Aslıhan Aykaç Yanardağ*
Kooperatif kanununda değişiklik yapılmasına dair kanun teklifi bu hafta meclis gündemine alınarak yasalaştı. Kanundaki değişikliklerin büyük bir kısmı kooperatiflerin yasal sorumlulukları, bürokratik işlemler ve idari süreçlerini kapsıyor. Genel kurul toplantılarının elektronik ortamda yapılması, ortakların bilanço ve denetçi raporlarını elektronik ortamda inceleyebilmesi, ortakların genel kurula katılım bilgilerine kooperatif bilgi sistemi üzerinden ulaşabilmesi idari süreçleri kolaylaştıran bazı yenilikler. Kadın ve engelli bireylerin kurduğu kooperatiflerin tescil ve ilan ücretlerin muaf tutulması da bu kesimlerin içerilmesine yönelik olumlu bir gelişme olarak değerlendirilebilir. Bunun yanı sıra, yönetim kurulu üyeleri ve yedeklerine eğitim zorunluluğu, belirlenecek kooperatifler ve üst birliklere dış denetim zorunluluğu, kooperatif ve üst birliklerin genel kuruluna Bakanlıktan temsilci talep etme zorunluluğunun gelmesi de kooperatiflerin işleyişinde daha fazla denetim ve kurumsallaşma beklentisine yönelik düzenlemeler olarak yorumlanabilir. Bütün bunlar gerekli, fakat kooperatiflerin gelişimi için yetersiz düzenlemelerdir. Özellikle, kooperatif yasasının yürürlüğe girdiği 1969 yılından bu yana dünyada ve Türkiye’de kooperatifçiliğin ne kadar değiştiği göz önüne alındığında bu tür yüzeysel iyileştirmelerin Türkiye’deki kooperatif girişimlerinin gelişimi, ekonomiye katkısı, istihdam yaratma ve sosyal güçlendirme potansiyeline ne derece etki edeceği tartışılır. Yeni düzenlemede yer alan Kooperatif Bilgi Sistemi ise zaten kurulmuş durumdadır, ancak henüz verimli olarak kullanıldığını söylemek mümkün değildir.
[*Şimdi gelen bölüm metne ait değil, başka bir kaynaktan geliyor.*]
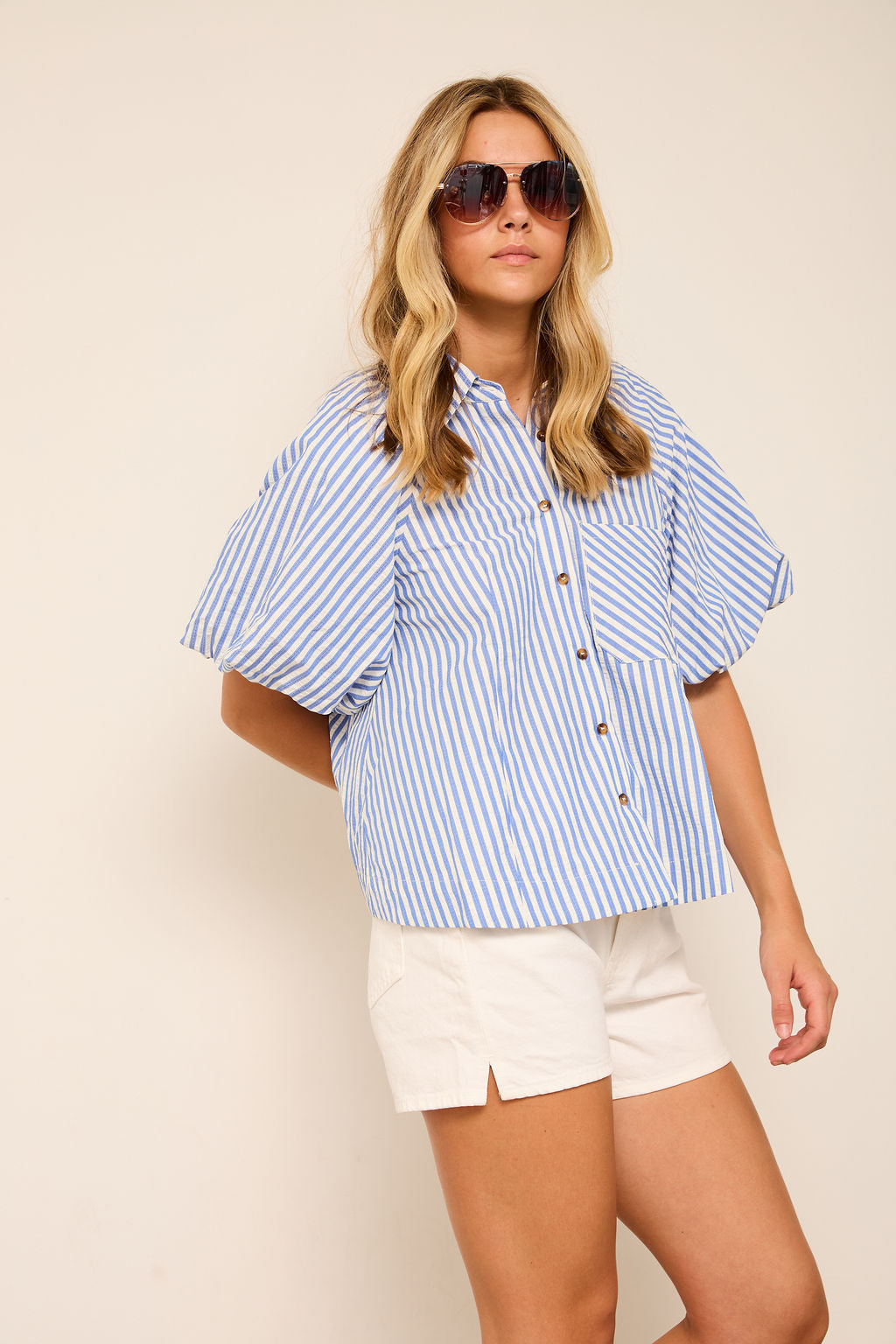 Remi Balloon Sleeve Button Front Top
KOOPERATİFÇİLİĞİN YEDİ TEMEL İLKESİ VE KOOPERATİFÇİLİK KANUNU
Yasalar belli toplumsal ihtiyaçları karşılamak, toplumsal düzenin sağlanmasında belli bir amaca hizmet etmek için inşa edilirler. Toplumsal değişime paralel olarak yasaların da yeniden düzenlenmesi gerekir. Bu hafta gerçekleşen yasal düzenlemelerle ilgili iki unsurun dikkat çekmek gerekir. Mevcut kooperatif kanunu ve yapılan yeni düzenlemeler kooperatifçiliğin evrensel temellerini –gönüllü ve herkese açık ortaklık, ortaklar tarafından gerçekleştirilen demokratik yönetim, ortakların ekonomik katılımı, özerklik ve bağımsızlık, eğitim, öğrenim ve bilgilendirme, kooperatifler arasında işbirliği, topluma karşı sorumlu olma- ne derece karşılamaktadır? İkinci bir soru ise, yeni düzenlemeler yeni kooperatifçilik yaklaşımında öne çıkan sosyal kooperatifçilik, platform kooperatifçiliği, yenilenebilir enerji ya da hizmet kooperatiflerinin taleplerini ne derece karşılıyor? Yasal düzenlemelerin toplumsal dinamikler ve ekonomik yapıdaki değişikleri yakalaması beklenir, yeni kooperatifçiliğin faaliyet alanlarına yönelik yasal düzenlemelerin eksikliği kaynakların etkin kullanımına engel olur, özellikle insan kaynağının atalete itilmesine neden olur.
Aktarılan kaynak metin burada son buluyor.